Il était sept heures du soir, mercredi. Fagus venait de faire une courte promenade jusqu’au quai et, après avoir acheté son journal, il allait franchir le seuil de son logis, au numéro 12, lorsqu’un gros camion qui, d’après tous les témoignages, allait dans cette étroite rue à une vitesse excessive, l’accrocha de son aile gauche et le projeta violemment sur le sol.
Transporté à l’hôpital de la Charité, Fagus y mourut à 22 h. 15.

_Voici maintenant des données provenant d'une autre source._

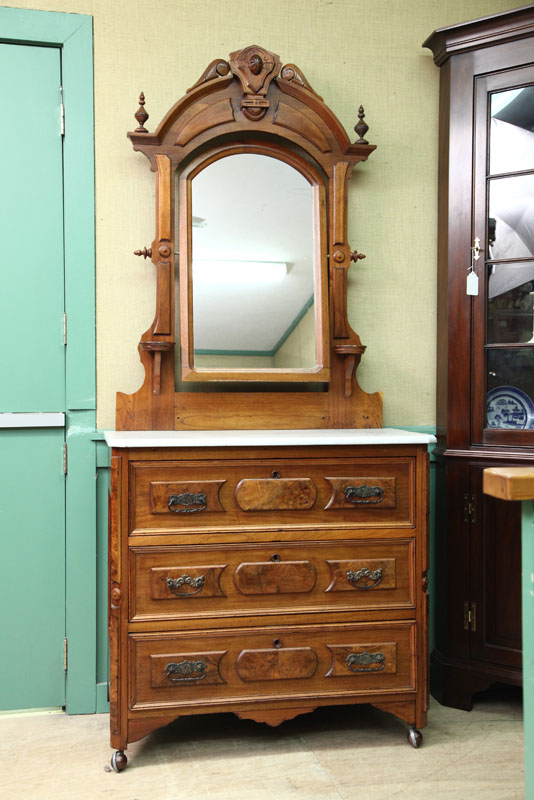 Appraisal: VICTORIAN CHEST OF DRAWERS WITH MIRROR Walnut having an arched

Un vrai, un pur poète, cet homme à l’allure timide, au regard bleu, de petite taille, toujours enveloppé d’une pèlerine à capuchon ; un vrai, un pur poète, un esprit primesautier, plein de flamme, de foi et de tendresse ; un des rares à connaître profondément l’âme populaire et qui parfois savait chanter comme un enfant ses joies et ses mélancolies. Ainsi dans cette pièce, une de celles que ses amis savent par cœur :
Pourquoi, Seigneur, les hirondelles
Si bas, puis si haut votent-elles
Qu’en savent-elles,
Qu’en sais-je, rien ;Et moi, pourquoi gai, puis morose
Pourquoi mes vers, pourquoi ma prose
Pourquoi sous mes doigts cette rose
Qu’en sais-je, rien.
Ces huit vers, Fagus les écrivit un soir, en traversant le pont des Arts qu’il appelait « le balcon de Paris ». Un soir où, comme avant-hier, il venait de rêver un moment sur la ville avant de regagner sa chambre…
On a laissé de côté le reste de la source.